Your resume is a way of marketing yourself to potential employers. It should:
- Focus on the most relevant skills and experience for the position.
- Use language economically.
- Be professionally presented.
Creating your resume
To create your own resume, you can use the MyCV Online Resume Template. For a formatted document specific to your discipline, you can also use one of the templates below.
- Resume Format – Arts and Business
- Resume Format – STEM (Science Technology Engineering Maths)
- Resume Format – Teaching
Need some more help getting started on your CV? EmployMe offers indepth information on making a CV that's right for you. Tip: Check out the CV Builder tool!
Targeting your resume
Instead of having a single resume that you use for all job applications, tailor your resume so it speaks to the job you're applying for. This will save time for employers, and provide them with the relevant information that they need.
Create a 'master' resume which contains everything. You can update this document with any experience when you need to, and then use it as a starting point for a resume for any application.
When targeting your resume, consider:
- What to include and what to leave out
- The order in which to put sections (for example, if your voluntary work is more relevant than your paid work)
- How much detail to include about certain activities
- How to organise your experience (for example, consider grouping all relevant experience under a heading such as 'Professional Experience').

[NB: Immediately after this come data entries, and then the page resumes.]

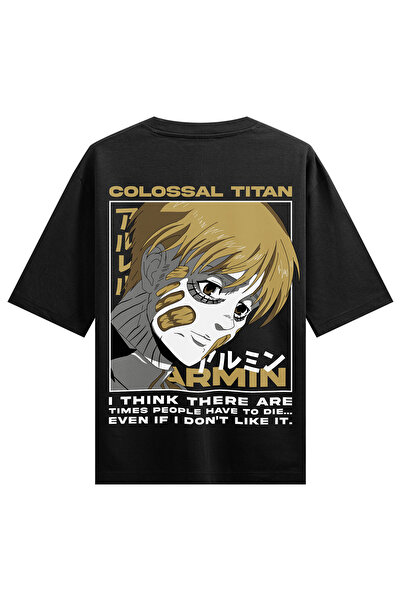 Freeyez Μπλουζάκι Unisex Oversize με στάμπα Anime Attack On Titan Armin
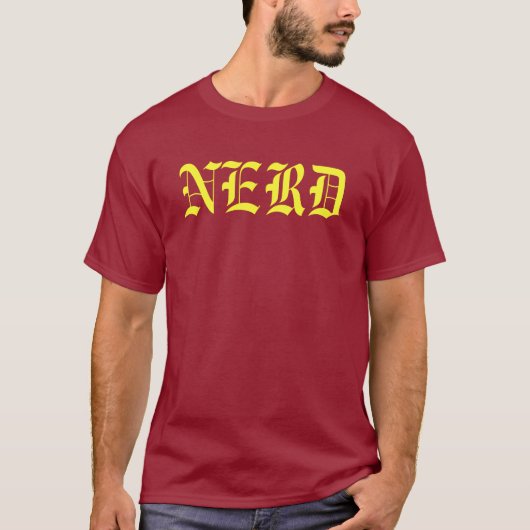 NERD T-SHIRT (Voorkant)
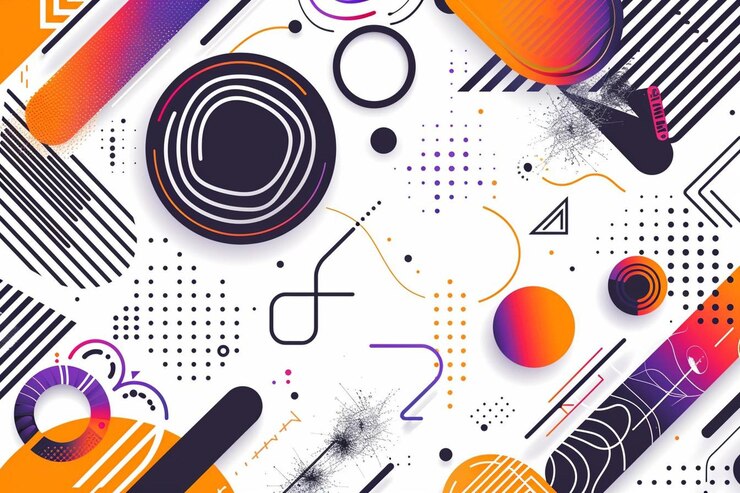 Foto disegno di sfondo di forme geometriche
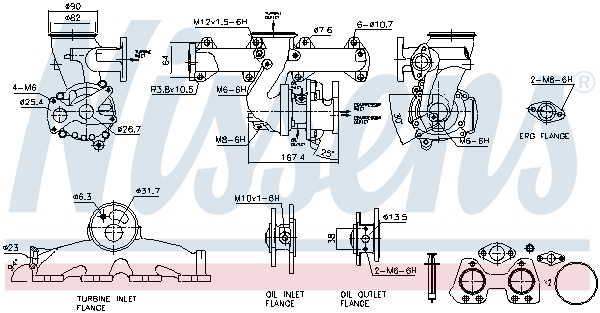 Nissens Turbocharger 93812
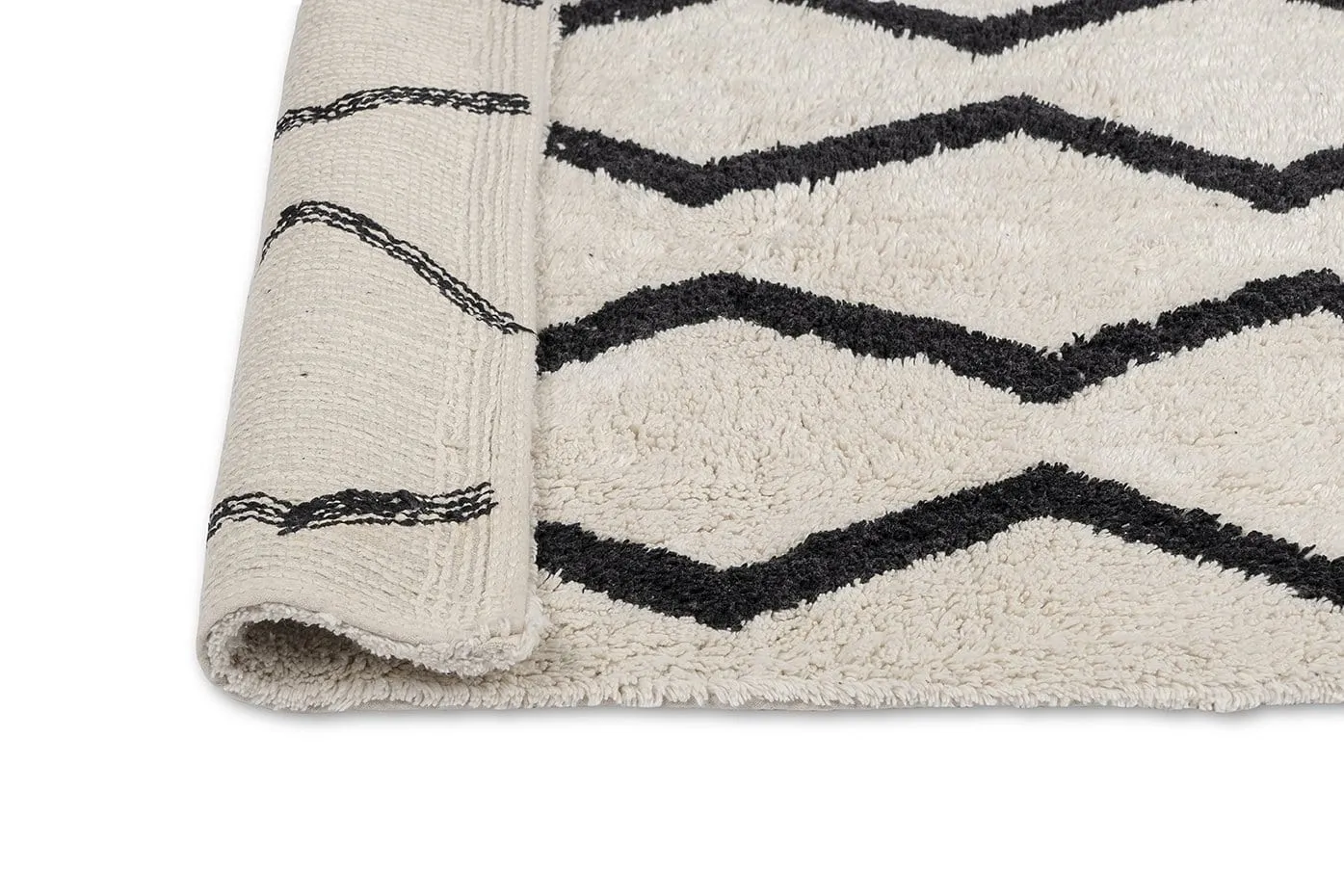 Hayley Black and Ivory Tribal Washable Berber Bath Mat *NO RETURNS UNLESS FAULTY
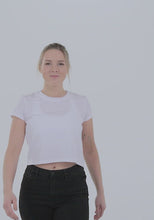 Load and play video in Gallery viewer, All Over Print Crop Tee.mp4
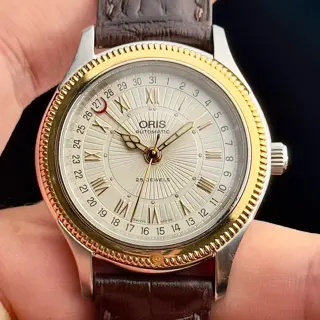 1990s Oris Big Crown Pointer Date 7465B (Serviced) | $700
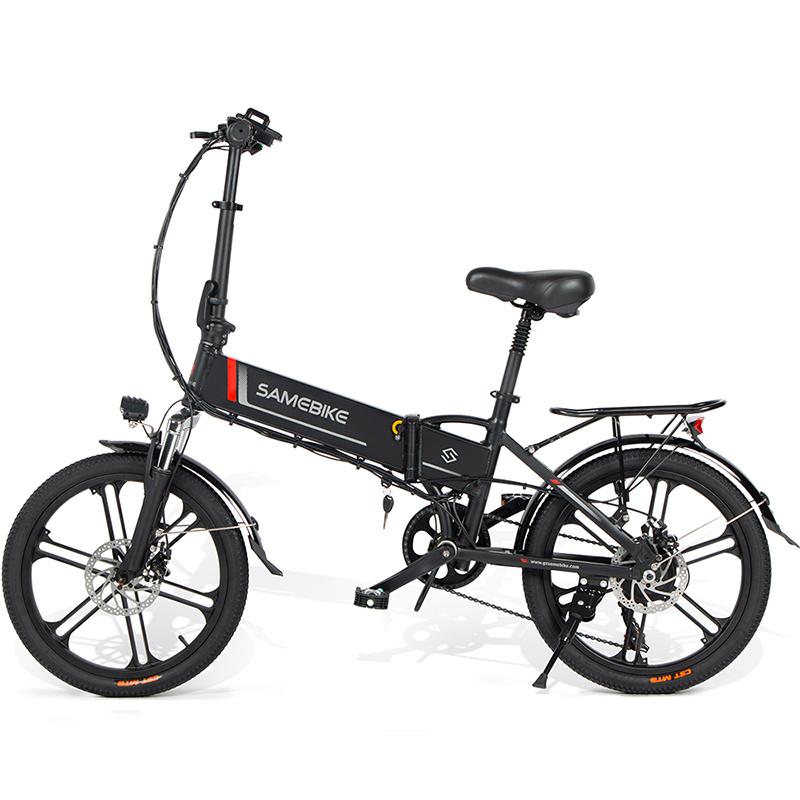 SAMEBIKE 20LVXD30-II Electric Bike 20" Folding Electric Moped Bike 350W Motor 48V 10Ah Battery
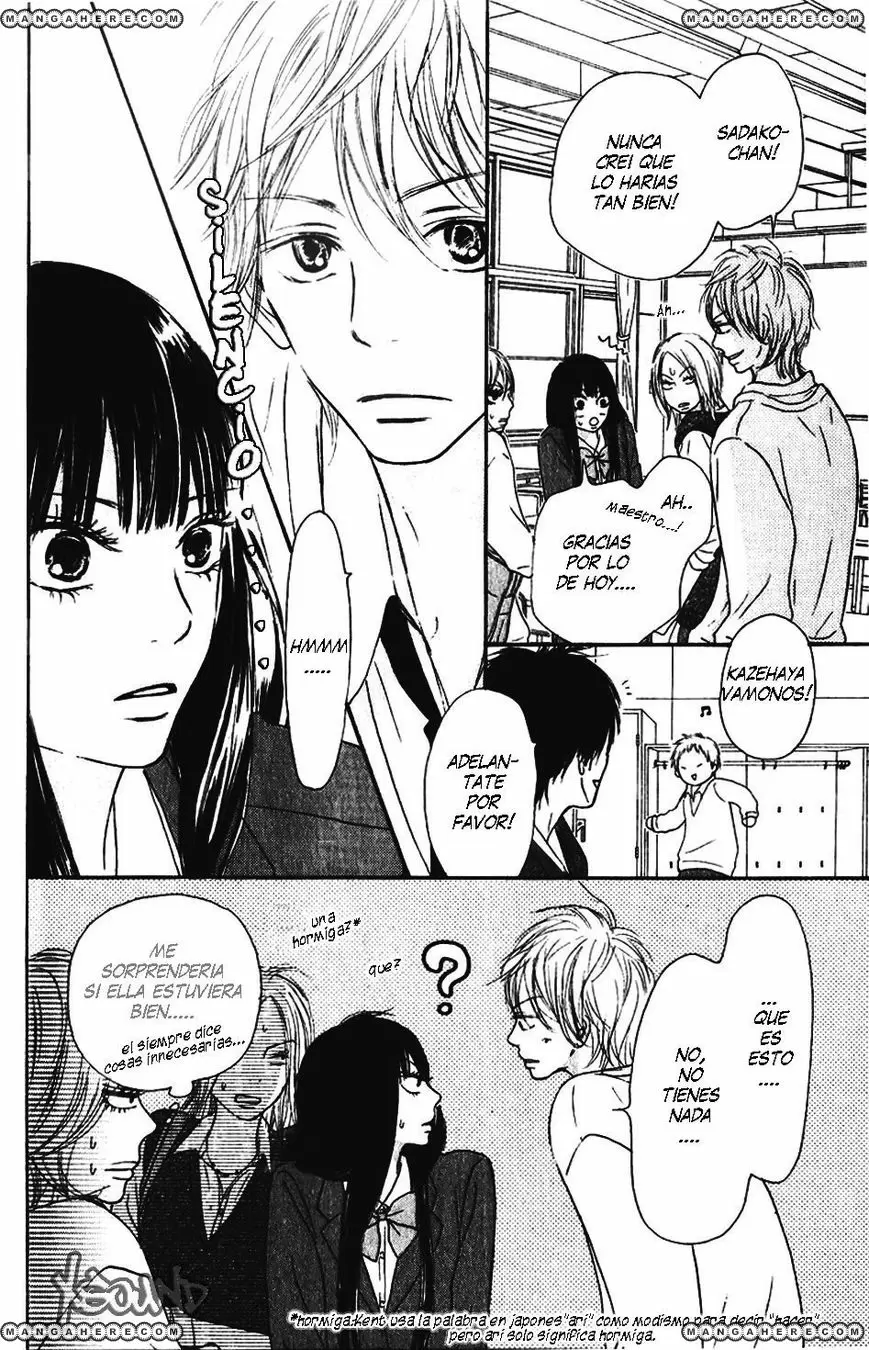 Kimi Ni Todoke capítulo 31, página 36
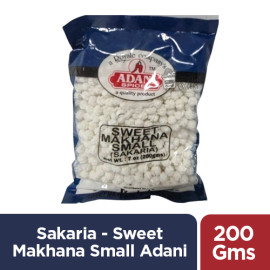 SAKARIA - SWEET MAKHANA SMALL ADANI - 200 GMS / 7 OZ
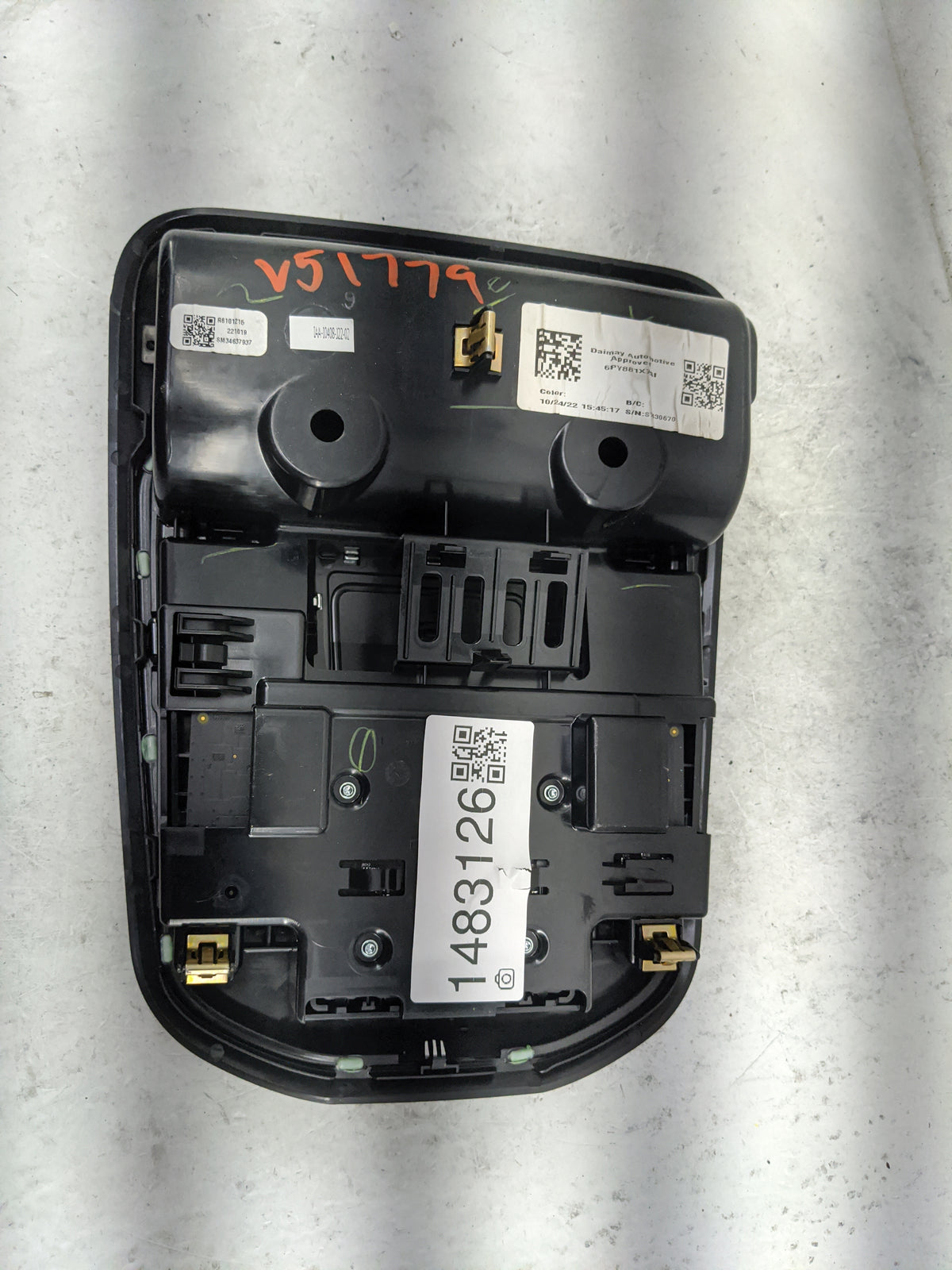 2021-2022 Jeep Grand Cherokee Overhead Console W/rear Climate Control - Oemusedautoparts1.com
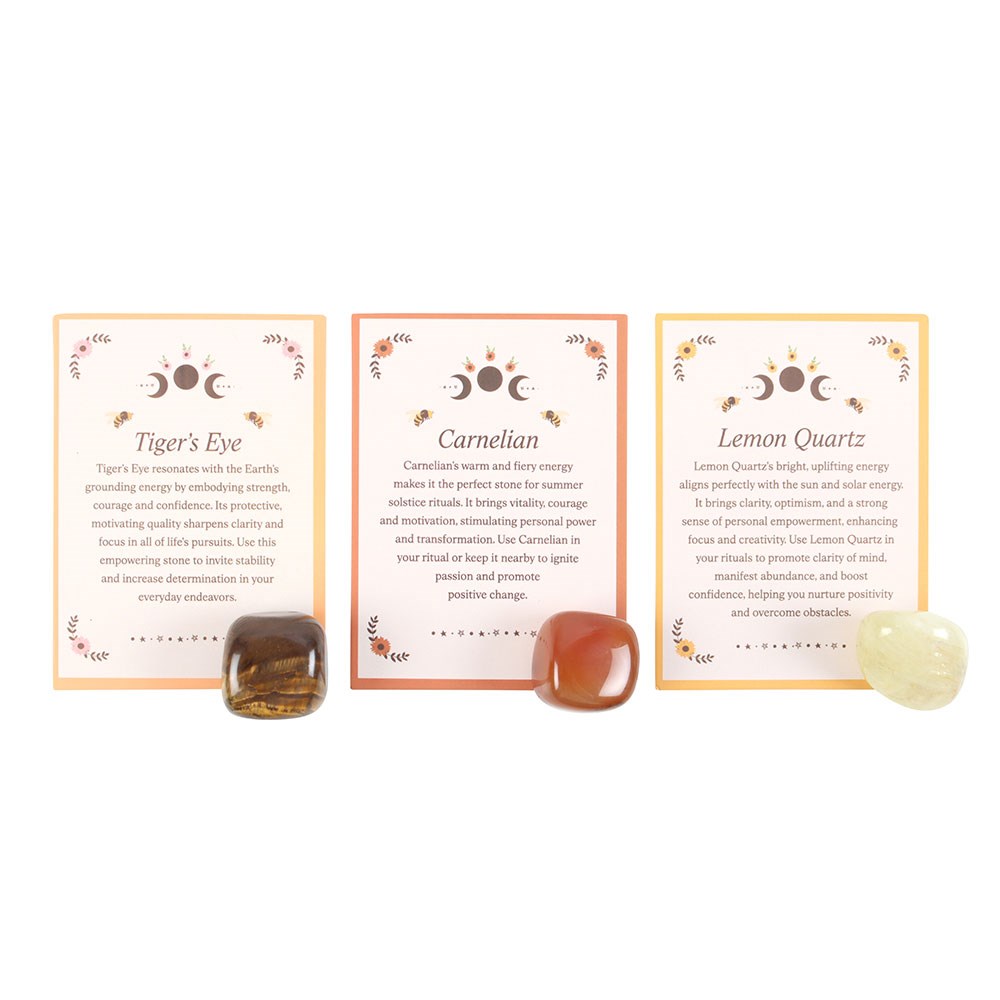 Summer Solstice Crystal Set - Sun Energy & Empowerment Stones2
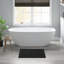 24x60" Black 100% Cotton Reversible 3000 Gsm Bath Rug - Look And Feel, , Medium Pile 1 Pcs Extremely , Machine Washable, 0.5-172801827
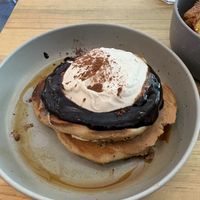 tiramisu pancake  at GAL Cafe in Lisbon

Resumes for part-time or casual work
Preparing a resume for part-time work can be tricky if there's no obvious connection with your course, career or experience. Keep it brief and only include relevant information. One page is appropriate for non-course related part-time or casual work.
Include the following:
- Objective: This should clearly state that you are looking for part-time work. Try to find some point of connection to your study and/or career interests (for example, in applying for a retail job, you might say that you are keen to use your interpersonal skills and gain experience in the business sector).
- Profile or Summary: Highlight relevant skills, particularly if you don't have relevant work experience. Talk about how you've acquired the required skills through other experiences.
- Education: It is important to indicate that you are studying, but there's no need to include much detail for non-professional jobs.